» EXERCISE DESCRIPTION: What are the lines below, starting at the line containing "An inventory of" and ending at the line containing "Portrait of a Young Woman in Plaid"? Write them out exactly, ends included, without pictures.

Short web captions
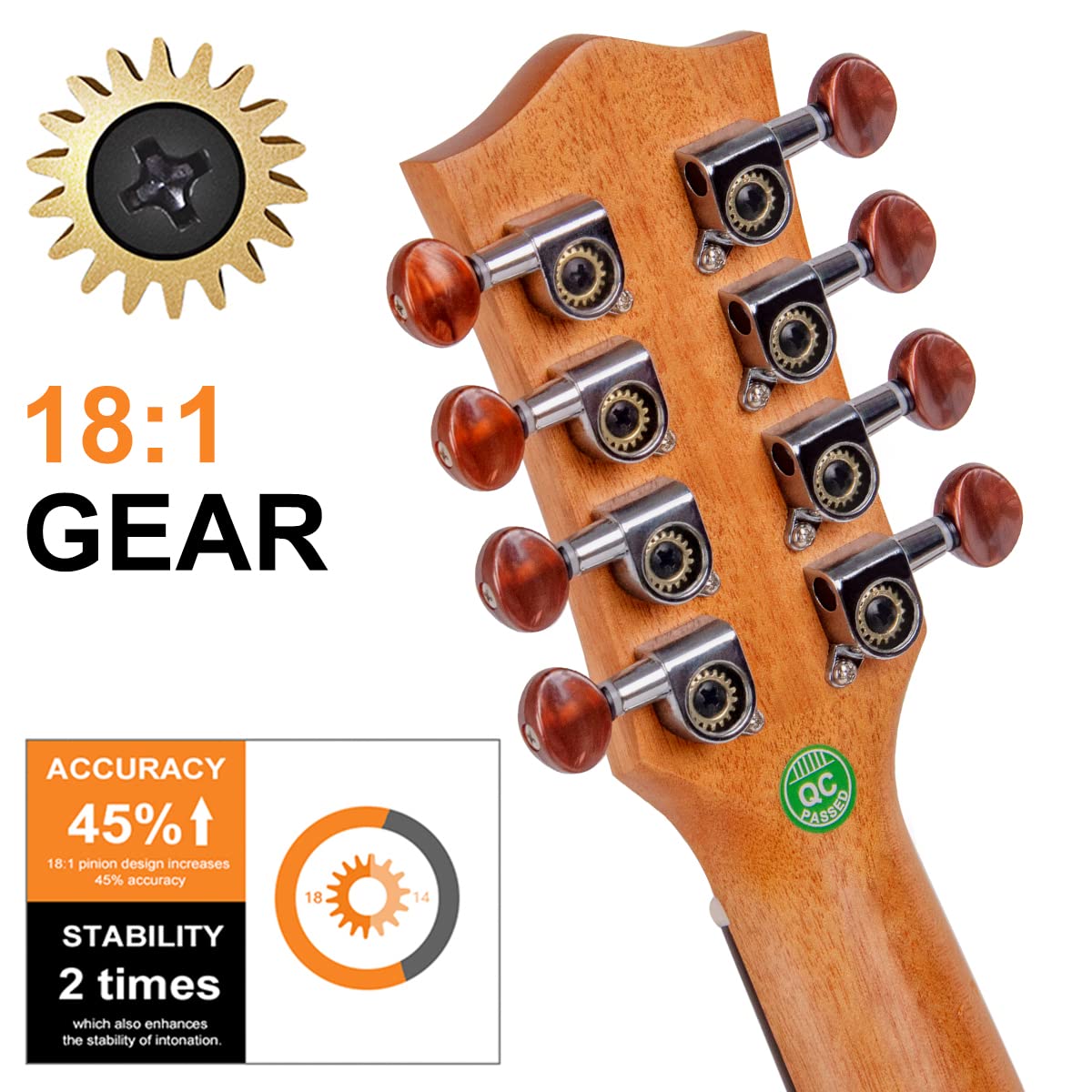 Kmise Tenor Ukulele,8 String Mahogany Wood Musical Instrument for Professionals with Ukelele Picks Gig Bag Strap Replacement Strings - Image 2
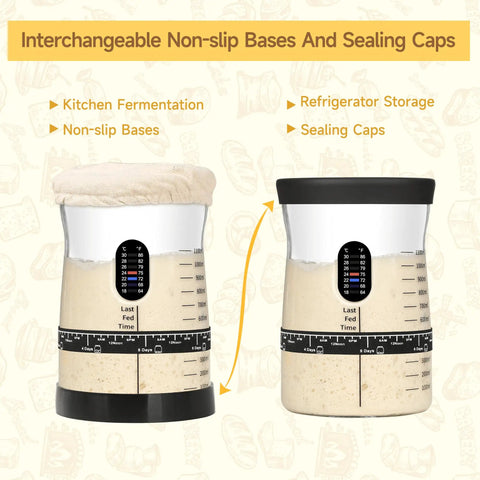 Large Capacity Sourdough Starter Kit With 50oz Jar And 17 Flavorful Fermentation Recipes showing two jars with non-slip bases and sealing caps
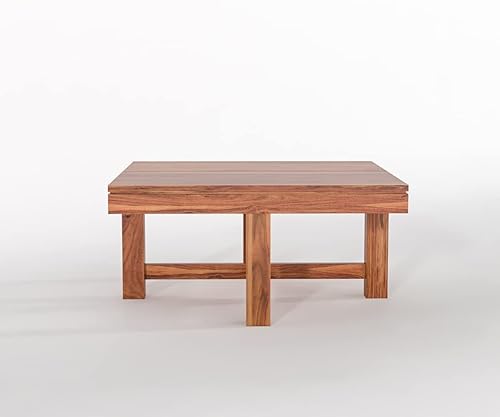 Image of Solid Sheesham Wood Center Coffee Table with 4 Stool for Living Room, Garden, Patio, Guest Room, Cafe | Wooden Coffee Table for Living Room (Natural Finish)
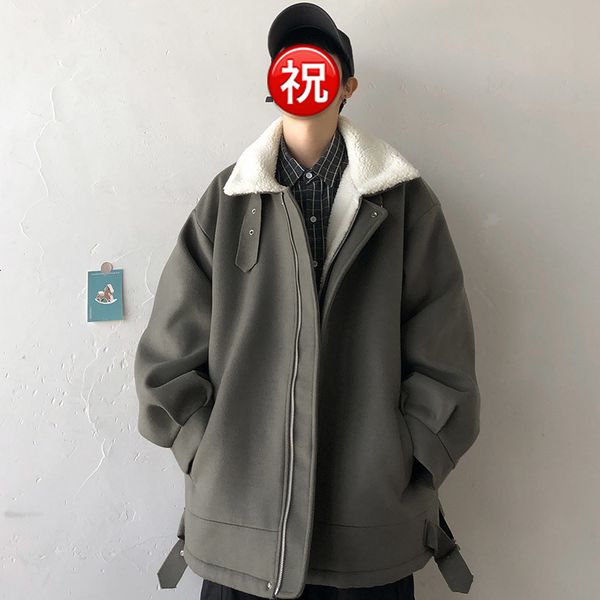 men's down & parkas winter thickened lamb fur jacket men warm fashion parka solid color lapel coat man streetwear wild loose cotton, Black
men's down & parkas winter thickened lamb fur jacket men warm fashion parka solid color lapel coat man streetwear wild loose cotton, Black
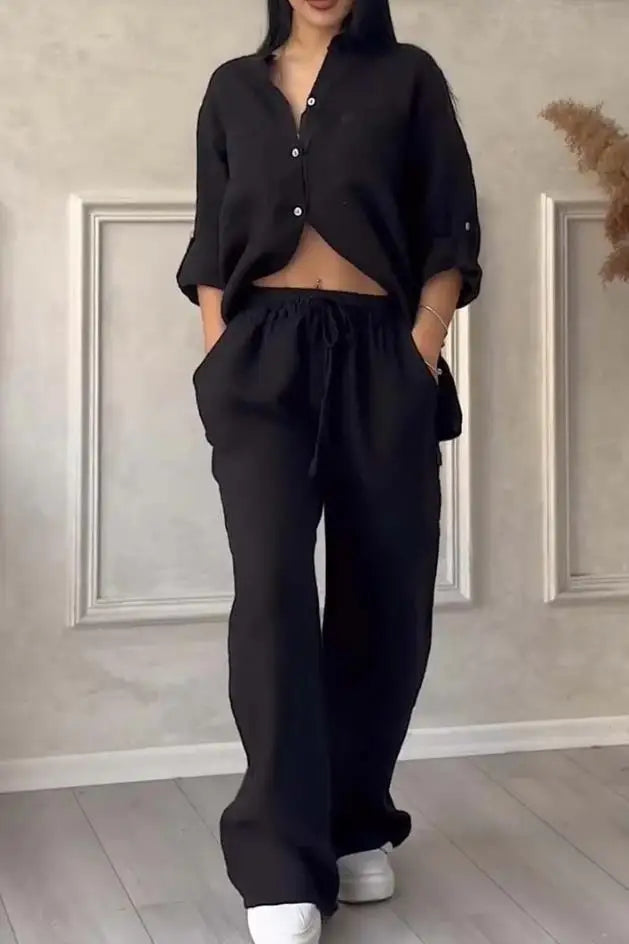 2 Piece Wide Leg Pants Set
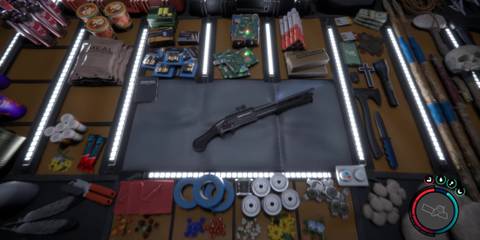 An inventory of different weapons, resources and food items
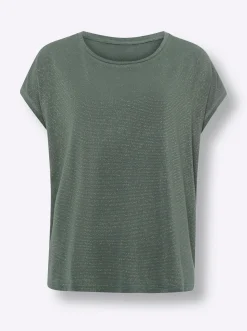 Shirts|heine Rundhalsshirt mit Glanzgarn khaki-goldfarben-geringelt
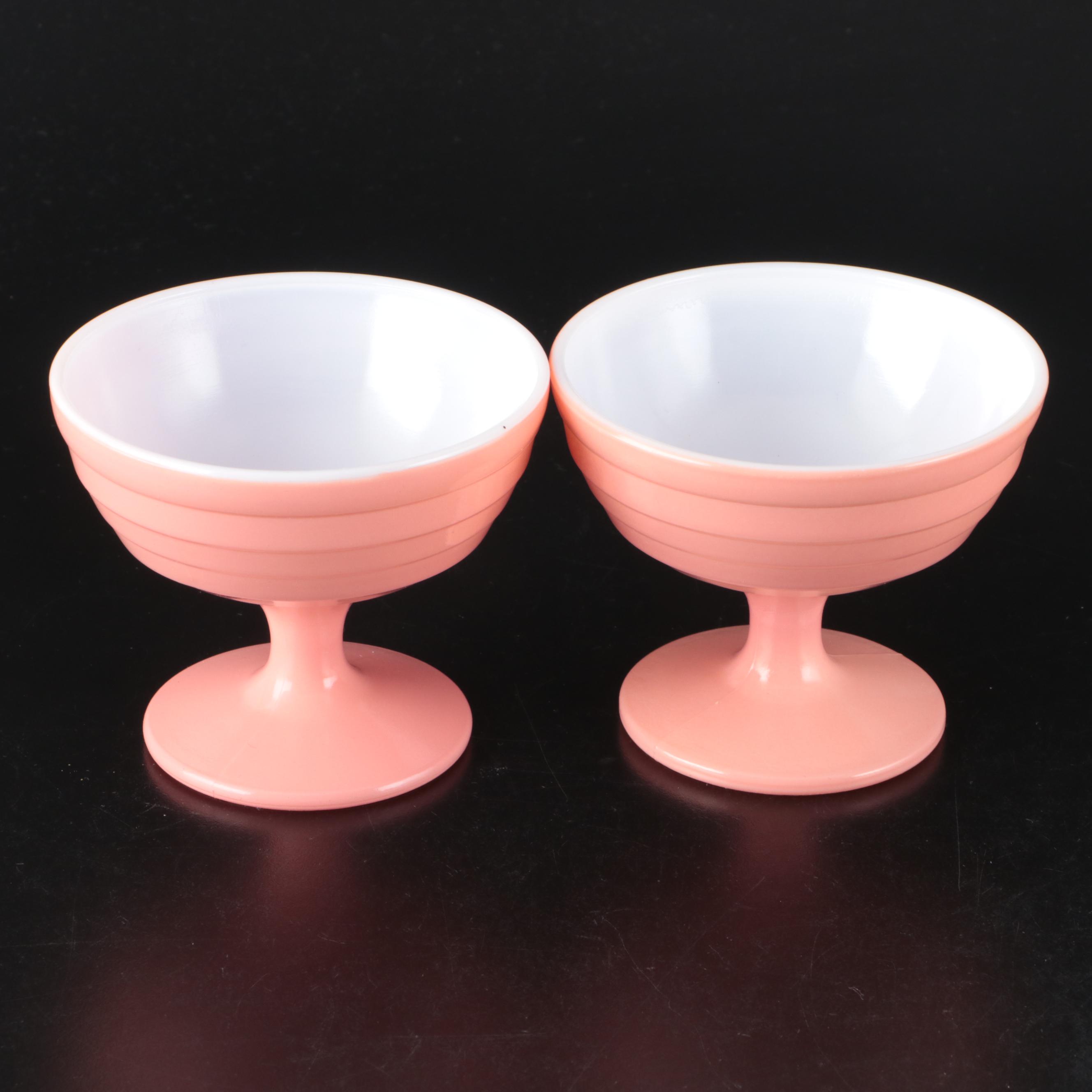 MacBeth-Evans "American Sweetheart Monax" Glass Sherbet Bowls with Other Décor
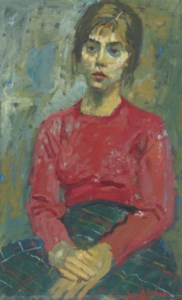 Portrait of a Young Woman in Plaid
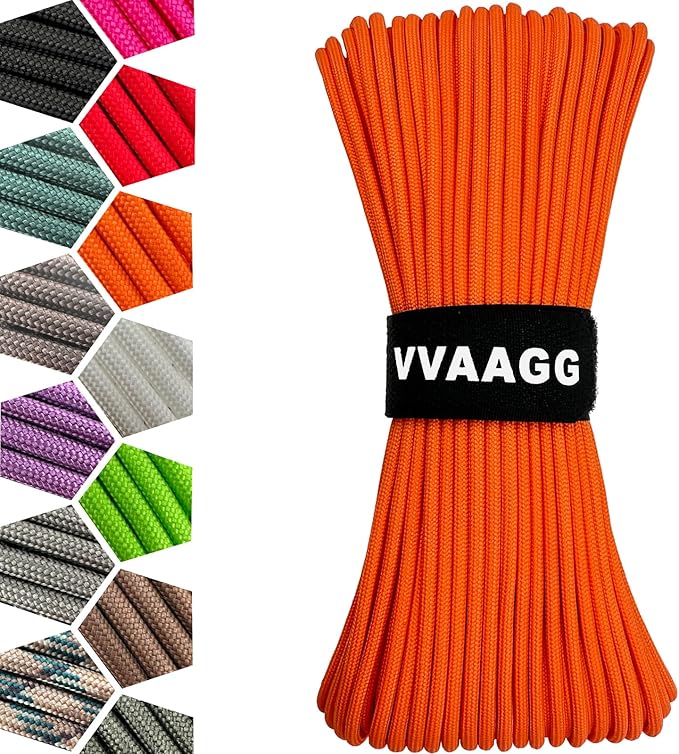 VVAAGG 1000 Orange Paracord 50FT Utility Parachute Cord 4mm Nylon String12 Strand Nylon Camping Rope, Tent Rope, Clothsline Rope for Survival & Camping Gear (Orange, 50FT)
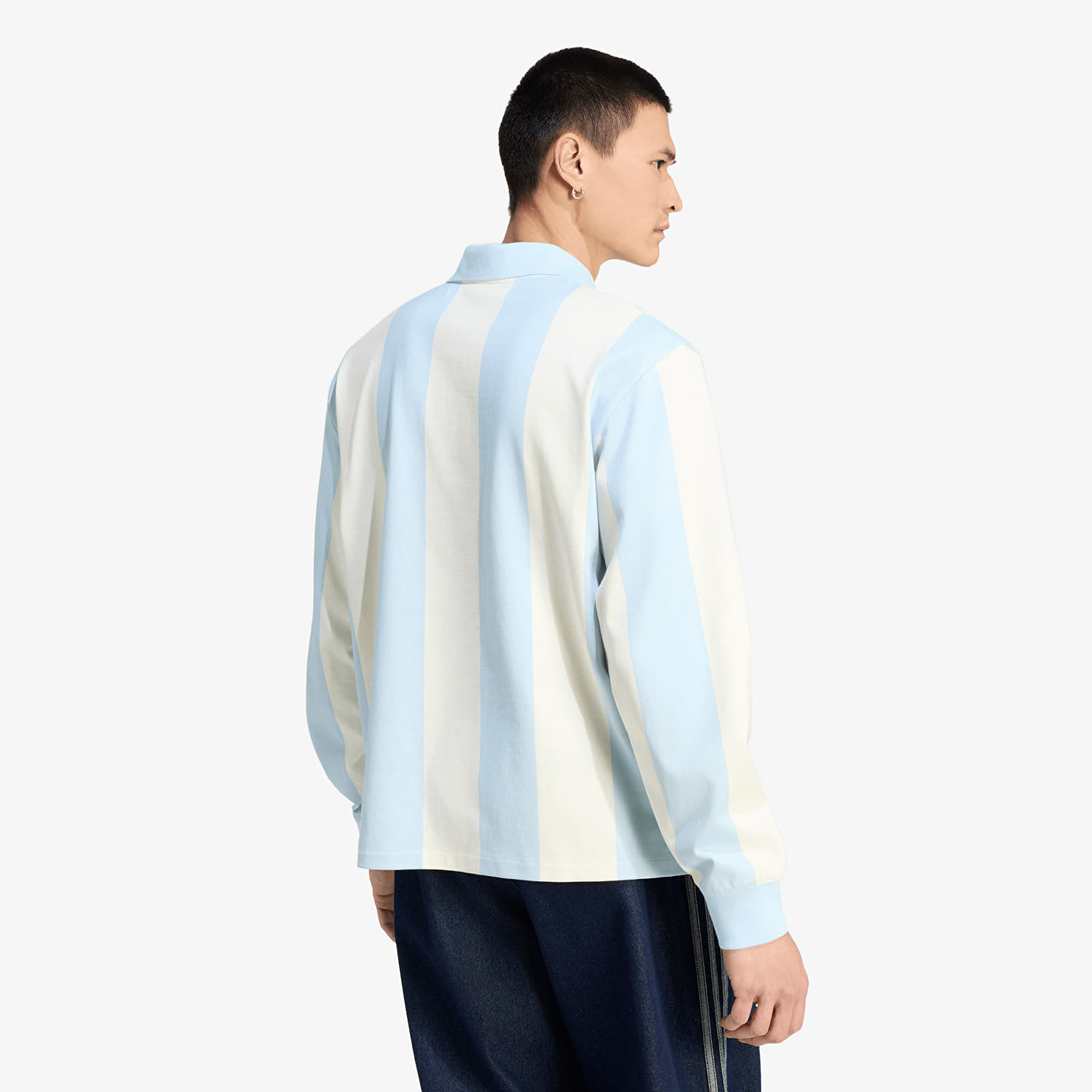 Majice T-shirt adidas Graphic Long Sleeve Polo Shirt Ice Blue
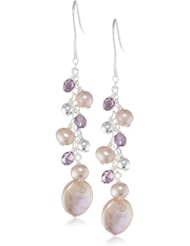 Sterling Silver Freshwater Cultured and Coin Pearl Cluster Drop French Wire Earrings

» RESULT OF THE TASK:
 An inventory of different weapons, resources and food items
 Shirts|heine Rundhalsshirt mit Glanzgarn khaki-goldfarben-geringelt
 MacBeth-Evans "American Sweetheart Monax" Glass Sherbet Bowls with Other Décor
 Portrait of a Young Woman in Plaid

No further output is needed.